| DATA FOR PROCESSING |
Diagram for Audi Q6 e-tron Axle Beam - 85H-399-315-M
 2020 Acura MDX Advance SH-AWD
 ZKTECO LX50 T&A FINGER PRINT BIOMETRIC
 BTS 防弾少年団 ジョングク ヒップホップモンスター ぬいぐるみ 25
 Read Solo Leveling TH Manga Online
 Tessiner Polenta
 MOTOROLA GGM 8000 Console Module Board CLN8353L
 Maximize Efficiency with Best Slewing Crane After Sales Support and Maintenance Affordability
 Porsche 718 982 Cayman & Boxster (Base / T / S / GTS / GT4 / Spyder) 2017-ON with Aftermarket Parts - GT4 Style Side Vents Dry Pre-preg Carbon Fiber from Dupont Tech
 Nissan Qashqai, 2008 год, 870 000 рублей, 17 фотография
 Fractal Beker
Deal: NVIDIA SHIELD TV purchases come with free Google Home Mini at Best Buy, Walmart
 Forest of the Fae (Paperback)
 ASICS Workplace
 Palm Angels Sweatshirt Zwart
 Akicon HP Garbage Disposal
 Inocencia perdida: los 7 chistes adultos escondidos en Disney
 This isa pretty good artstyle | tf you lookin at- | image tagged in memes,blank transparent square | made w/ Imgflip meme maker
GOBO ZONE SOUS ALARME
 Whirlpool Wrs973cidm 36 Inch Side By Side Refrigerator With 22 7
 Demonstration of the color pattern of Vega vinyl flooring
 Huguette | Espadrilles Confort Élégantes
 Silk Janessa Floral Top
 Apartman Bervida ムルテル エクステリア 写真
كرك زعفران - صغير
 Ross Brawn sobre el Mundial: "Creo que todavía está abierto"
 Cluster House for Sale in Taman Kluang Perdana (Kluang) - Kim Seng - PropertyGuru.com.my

| EXERCISE BRIEF |
The data must be retyped in full, exactly as it reads.

| ANSWER FOR THE TASK |
Diagram for Audi Q6 e-tron Axle Beam - 85H-399-315-M
 2020 Acura MDX Advance SH-AWD
 ZKTECO LX50 T&A FINGER PRINT BIOMETRIC
 BTS 防弾少年団 ジョングク ヒップホップモンスター ぬいぐるみ 25
 Read Solo Leveling TH Manga Online
 Tessiner Polenta
 MOTOROLA GGM 8000 Console Module Board CLN8353L
 Maximize Efficiency with Best Slewing Crane After Sales Support and Maintenance Affordability
 Porsche 718 982 Cayman & Boxster (Base / T / S / GTS / GT4 / Spyder) 2017-ON with Aftermarket Parts - GT4 Style Side Vents Dry Pre-preg Carbon Fiber from Dupont Tech
 Nissan Qashqai, 2008 год, 870 000 рублей, 17 фотография
 Fractal Beker
Deal: NVIDIA SHIELD TV purchases come with free Google Home Mini at Best Buy, Walmart
 Forest of the Fae (Paperback)
 ASICS Workplace
 Palm Angels Sweatshirt Zwart
 Akicon HP Garbage Disposal
 Inocencia perdida: los 7 chistes adultos escondidos en Disney
 This isa pretty good artstyle | tf you lookin at- | image tagged in memes,blank transparent square | made w/ Imgflip meme maker
GOBO ZONE SOUS ALARME
 Whirlpool Wrs973cidm 36 Inch Side By Side Refrigerator With 22 7
 Demonstration of the color pattern of Vega vinyl flooring
 Huguette | Espadrilles Confort Élégantes
 Silk Janessa Floral Top
 Apartman Bervida ムルテル エクステリア 写真
كرك زعفران - صغير
 Ross Brawn sobre el Mundial: "Creo que todavía está abierto"
 Cluster House for Sale in Taman Kluang Perdana (Kluang) - Kim Seng - PropertyGuru.com.my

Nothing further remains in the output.